EXERCISE DATA —
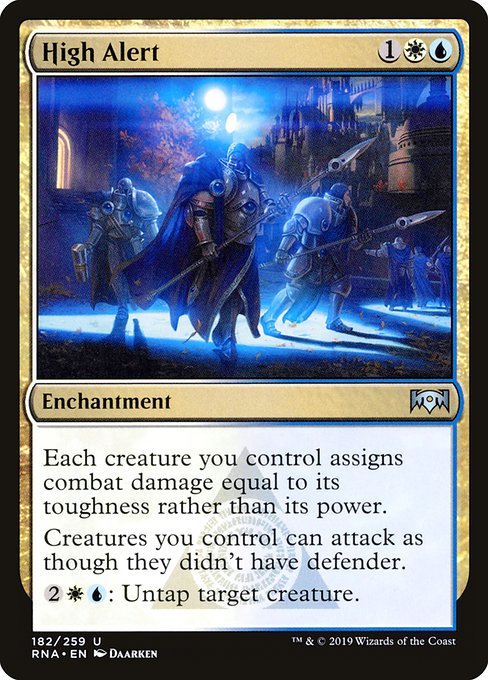 High Alert [Foil]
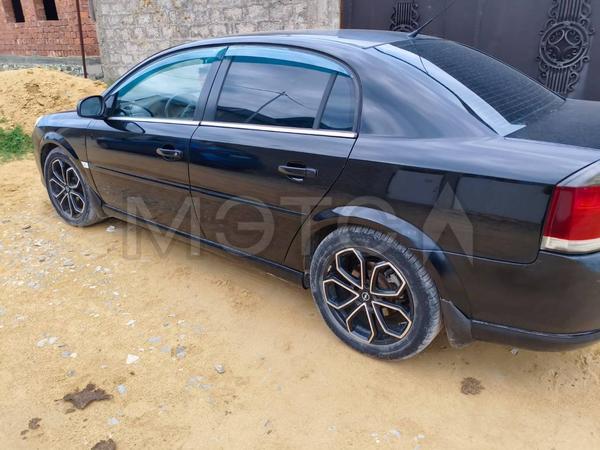 Opel Vectra 2007, фото 2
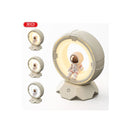 XO OZ12 Lampara de Noche Astronauta - 3 Temperaturas de Color - Sensor Tactil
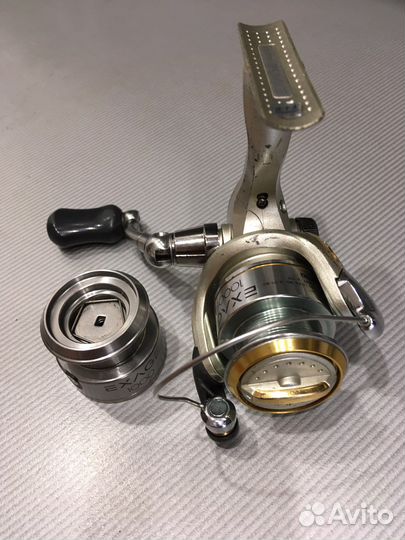 Катушка Shimano exage 1000 FA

ASSIGNED TASK — When copying the data above, repeat every word exactly and drop the pictures.

ANSWER SPACE —
 High Alert [Foil]
 Opel Vectra 2007, фото 2
 XO OZ12 Lampara de Noche Astronauta - 3 Temperaturas de Color - Sensor Tactil
 Катушка Shimano exage 1000 FA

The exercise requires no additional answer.